Repository files navigation

Youtube comment scraper

MIT License npm version Code Climate Japanese

Scraping comments from Youtube.

Installation

To install youtube-comment-scraper in your global environment,

$ npm install -g youtube-comment-scraper

after that, you can use scraper command.

Usage

Usage: scraper url [options]

        url
                URL for a Youtube video page or video ID.

        --help, -h
                Displays help information about this script

        --version
                Displays version info

Output is a JSON format text. Its schema looks like

{
  "id": "the video ID.",
  "channel":{
    "id": "ID of the channel the video belongs to.",
    "name" : "the channel name."
  },
  "comments": [
    {
      "root": "root (parent) comment body.",
      "author": "author of the root comment.",
      "author_id": "ID of the author",
      "like": "like score (summation of +1 for like and -1 for dislike).",
      "children": [
        {
          "comment": "reply comment.",
          "author": "author of the reply comment.",
          "author_id": "author ID",
          "like": "like score."
        },
        ...
      ]
    },
    ...
  ]
}

Method

var scraper = require("youtube-comment-scraper");

scraper.comments(url)

Scraping a given Youtube page and return a set of comments.

  • Args:
    • url: URL of the target page or video ID.
  • Returns: Promise object.

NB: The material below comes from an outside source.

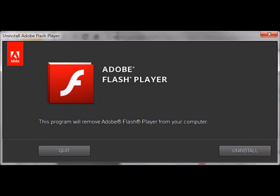At the time this post was being prepared, the latest version, 16.0.0.305, is available only to people who have enabled automatic updates. Adobe doesn't expect to have manual updates available until Thursday.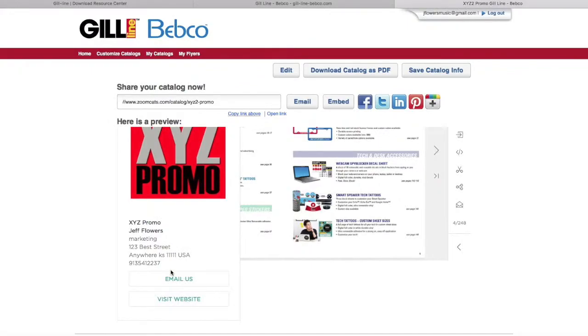This is a great tool that you can use to send your customers the whole catalog. You can highlight different things you'd like them to see—maybe new products or specific products they're asking about.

Use "then" to receive results.

scraper.channel(url)

Scraping a Youtube channel page and return a description of the channel.

  • Args:
    • id: channel ID.
  • Returns: Promise object. Use "then" method to receive results.

scraper.close()

Cleanup this module. After all scrapings have done, this method should be called. Otherwise, some instances of PhantomJS will keep running and it prevents finishing main process.

example

scraper.comments(some_url).then(function(res) {
  // Printing the result.
  console.log(JSON.stringify({
    url: some_url,
    comments: res
  }));

  // Close scraper.
  scraper.close();
});

For developers

Build

Run the following two command.

$ npm install
$ npm run build

Run

$ ./bin/cli.js <url>

<url> is a Youtube url.

License

This software is released under the MIT License, see LICENSE.